Return only the line that contains "Modern two bedroom" and each line after it, through the last line of the data below, copied exactly.

──────────────────────────────

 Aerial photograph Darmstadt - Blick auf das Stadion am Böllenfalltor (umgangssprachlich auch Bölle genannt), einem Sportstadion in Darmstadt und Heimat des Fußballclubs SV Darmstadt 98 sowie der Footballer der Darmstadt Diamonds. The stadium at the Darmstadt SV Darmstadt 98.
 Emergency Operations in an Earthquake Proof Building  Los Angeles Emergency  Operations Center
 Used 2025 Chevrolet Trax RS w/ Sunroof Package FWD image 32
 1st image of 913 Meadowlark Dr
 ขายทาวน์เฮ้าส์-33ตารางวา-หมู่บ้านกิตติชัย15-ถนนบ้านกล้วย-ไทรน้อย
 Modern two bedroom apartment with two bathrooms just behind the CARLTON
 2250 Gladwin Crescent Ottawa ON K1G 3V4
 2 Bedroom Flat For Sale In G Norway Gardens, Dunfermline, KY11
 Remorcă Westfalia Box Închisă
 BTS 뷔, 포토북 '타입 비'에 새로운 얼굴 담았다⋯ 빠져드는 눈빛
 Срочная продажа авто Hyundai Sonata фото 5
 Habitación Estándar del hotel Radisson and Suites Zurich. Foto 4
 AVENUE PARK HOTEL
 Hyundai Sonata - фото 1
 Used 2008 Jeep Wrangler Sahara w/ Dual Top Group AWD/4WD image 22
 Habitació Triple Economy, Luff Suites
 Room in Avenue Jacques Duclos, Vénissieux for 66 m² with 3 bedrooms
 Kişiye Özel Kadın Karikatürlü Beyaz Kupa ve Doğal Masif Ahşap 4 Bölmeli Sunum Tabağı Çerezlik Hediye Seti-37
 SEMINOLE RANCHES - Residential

──────────────────────────────

(SOLUTION BELOW):
 Modern two bedroom apartment with two bathrooms just behind the CARLTON
 2250 Gladwin Crescent Ottawa ON K1G 3V4
 2 Bedroom Flat For Sale In G Norway Gardens, Dunfermline, KY11
 Remorcă Westfalia Box Închisă
 BTS 뷔, 포토북 '타입 비'에 새로운 얼굴 담았다⋯ 빠져드는 눈빛
 Срочная продажа авто Hyundai Sonata фото 5
 Habitación Estándar del hotel Radisson and Suites Zurich. Foto 4
 AVENUE PARK HOTEL
 Hyundai Sonata - фото 1
 Used 2008 Jeep Wrangler Sahara w/ Dual Top Group AWD/4WD image 22
 Habitació Triple Economy, Luff Suites
 Room in Avenue Jacques Duclos, Vénissieux for 66 m² with 3 bedrooms
 Kişiye Özel Kadın Karikatürlü Beyaz Kupa ve Doğal Masif Ahşap 4 Bölmeli Sunum Tabağı Çerezlik Hediye Seti-37
 SEMINOLE RANCHES - Residential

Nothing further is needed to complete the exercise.